[abacus]Reporting Query


Benjamin Cheng
 

In abacus, a user can get a report for an organization while passing a timestamp. This is done via a descending query with the given timestamp as the beginning and the beginning of the previous year is the end. This ensures that the report will have usage data for up to the previous year for the given organization. This query used to only look for the current day until time windows support was recently added.

With time windows, each record has information of usage accumulated/aggregated/rated to the last second/minute/hour/day/month/year/forever in sync with the document's end time. Choosing to query up to the beginning of the previous year was a choice based upon allowing the user to know usage up to the previous year for any given timestamp.

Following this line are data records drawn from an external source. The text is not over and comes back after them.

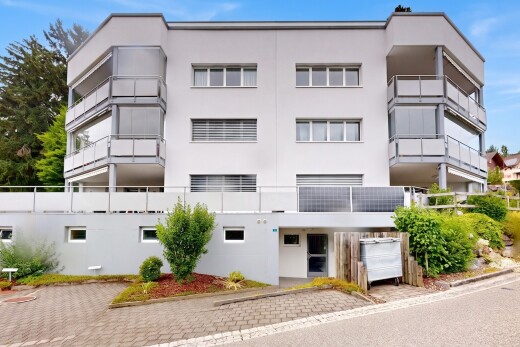 außenansicht mit blick auf wohnanlage, apartment complex view, day time, und from community
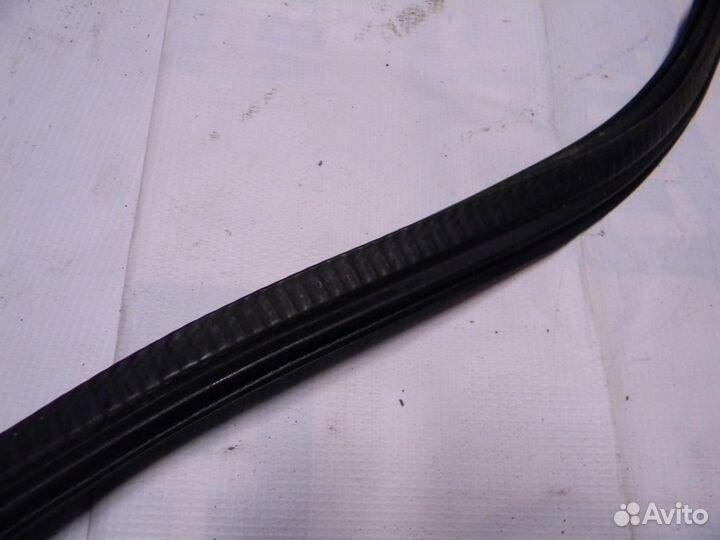 Уплотнитель багажника Focus II 2005-2008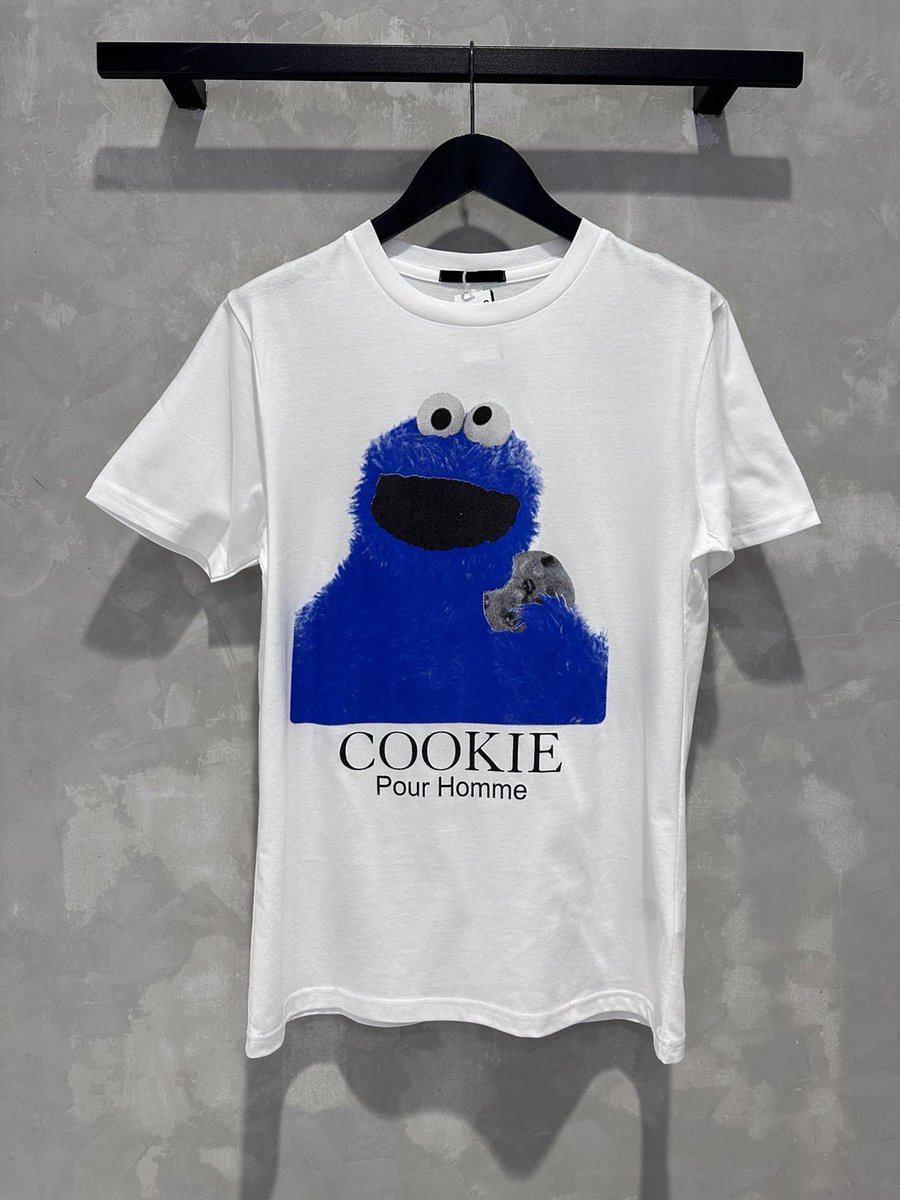 Blueshark3579's tweet photo. #BLACKSCORE #เสื้อยืด #เสื้อผ้า 
#รับหิ้ว 
(THB 3,500) 
ส่งฟรีทั่วไทย https://t.co/M0F7oDXouS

Here are a couple of questions I have regarding this:
- In addition to partitioning by bucketing, abacus partitions by period in terms of month for its databases. Therefore, each month with usage would have its own set of databases with a minimum of 1. In the worst condition(assuming only 1 database per month), that is possibly 24 databases (ie: 2014-01 to 2015-12) that the report would have to search for the last usage of an organization. Does it make sense to have to look through all of those databases if the organization hasn't had usage in the past 3 years for instance?
- In terms of report, does it make sense to return the latest record within the past year? For example, say a user queried the monthly or yearly usage for an organization in 2015-10, but the last time the organization had any usage was 2014-04. Does it make sense to return 2014-04 to the user or would it better to inform the user that there is no usage within the specific time range? I guess in a way, this is asking what a report should entail that would make the information useful to the user.

Thanks.


Jean-Sebastien Delfino
 

Hi Ben,

Choosing to query up to the beginning of the previous year was a choice
based upon allowing the user to know usage up to the previous year for any
given timestamp.

If I'd want my usage for last year, I'd just get a report with a 12/31/2014
time (or 1/2015 to see any delayed usage leftover from 2014, but that part
probably deserves a different discussion thread...) So I don't think the
query needs to automatically go that far back.

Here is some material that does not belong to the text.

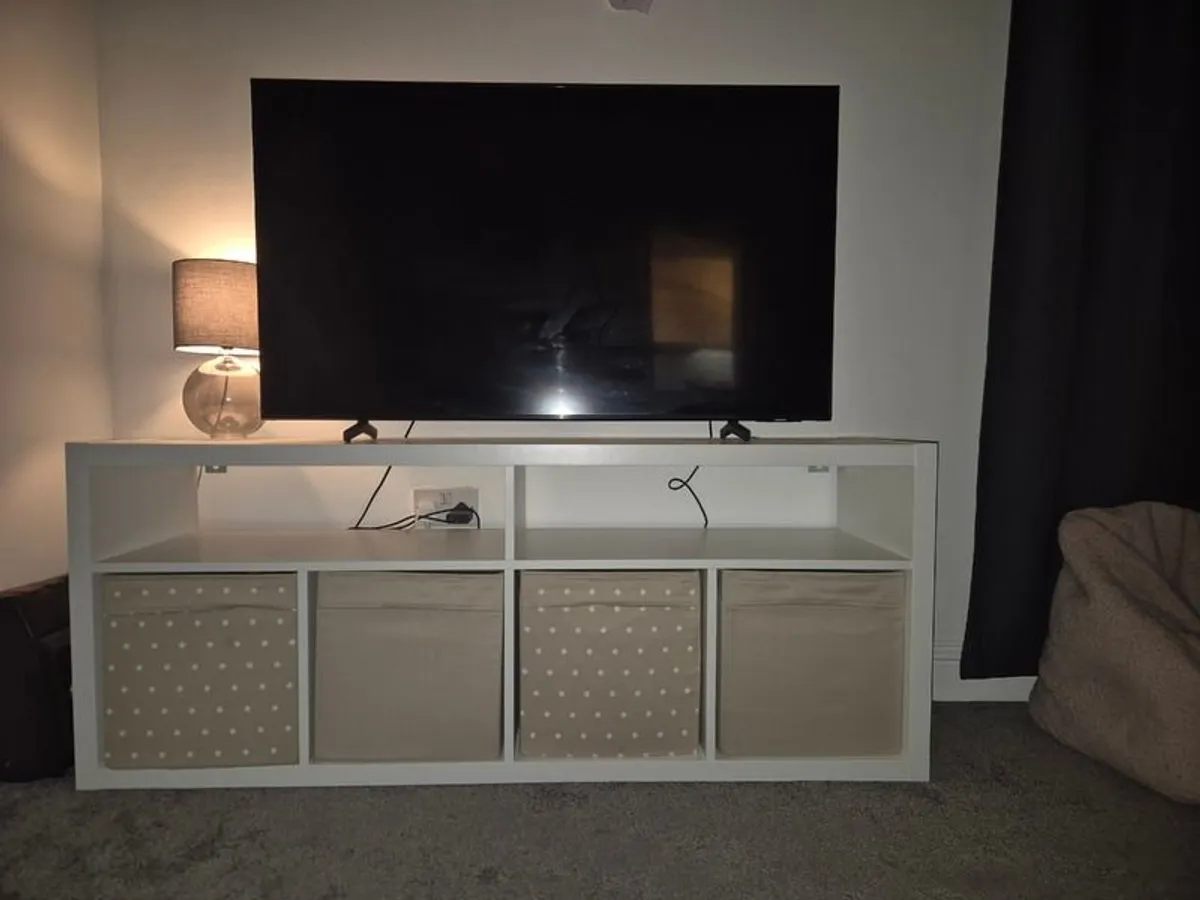 TV stand - Image 1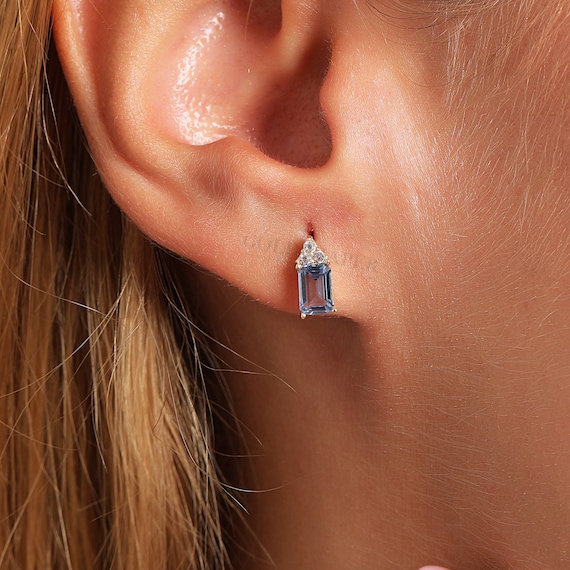14K Gold Sapphire Earrings, Sapphire Stud Earrings, Sapphire Gold Earrings, September Birthstone Earrings, 14K Gold Stud Earrings.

abacus partitions by period in terms of month for its databases
Correct, and that's really useful to manage their growth and archival and
accommodate for schema changes over time.

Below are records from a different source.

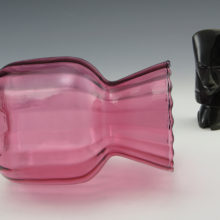 Lovely vintage bulb vase by Pilgrim Art Glass, U.S.A.. Made by hand sometime during the Mid-20th Century.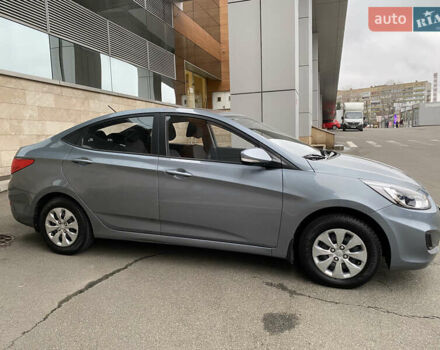 Сірий Хендай Акцент, об'ємом двигуна 1.37 л та пробігом 33 тис. км за 9800 $, фото 5 на Automoto.ua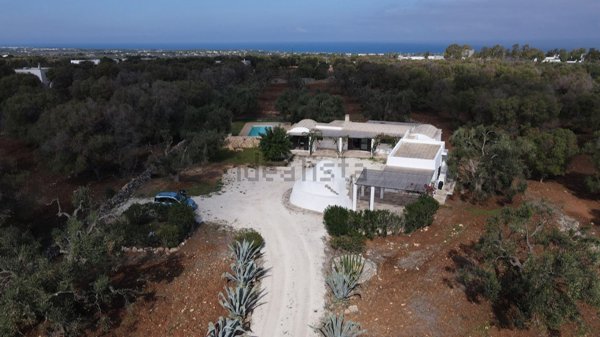 casa indipendente in vendita a Carovigno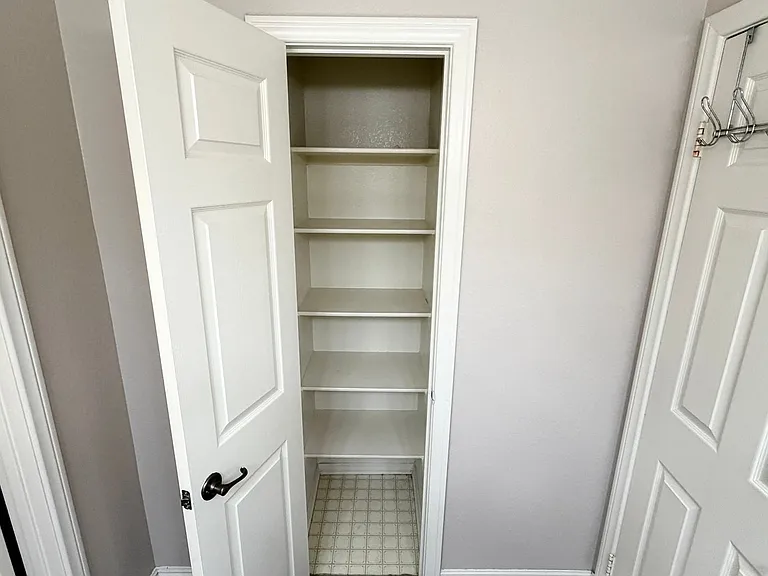 4006 Craven Rd #7 — Photo 18
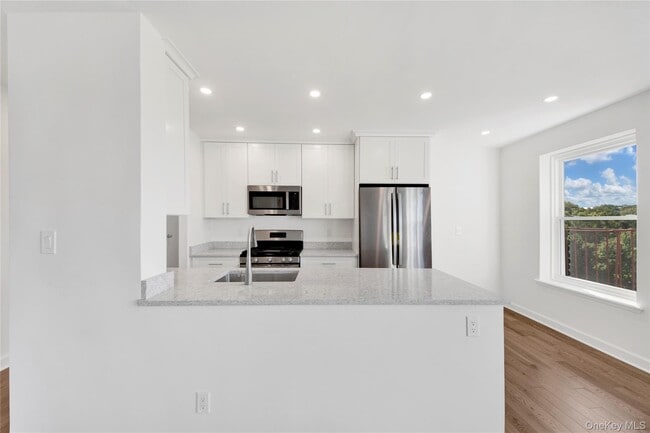 Foto del edificio - 305 Sixth Ave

Does it make sense to have to look through all of those databases if the
organization hasn't had usage in the past 3 years for instance?

I don't think so, if we clarify what you get out of each report, more on
that below.

In terms of report, does it make sense to return the latest record within
the past year? For example, say a user queried the monthly or yearly usage
for an organization in 2015-10, but the last time the organization had any
usage was 2014-04. Does it make sense to return 2014-04 to the user or
would it better to inform the user that there is no usage within the
specific time range?

The typical use case is to get your usage for the month. So I'd suggest to
keep this really simple for now:
- you have usage in 10/2015, you get a report;
- you don't have usage in 10/2015, you get a 'sorry no usage, nothing to
report';
- you don't have usage in 10/2015 and you still wanted to see your yearly
usage, ask for your 09/2015 report, still nothing for 09? ask for 08...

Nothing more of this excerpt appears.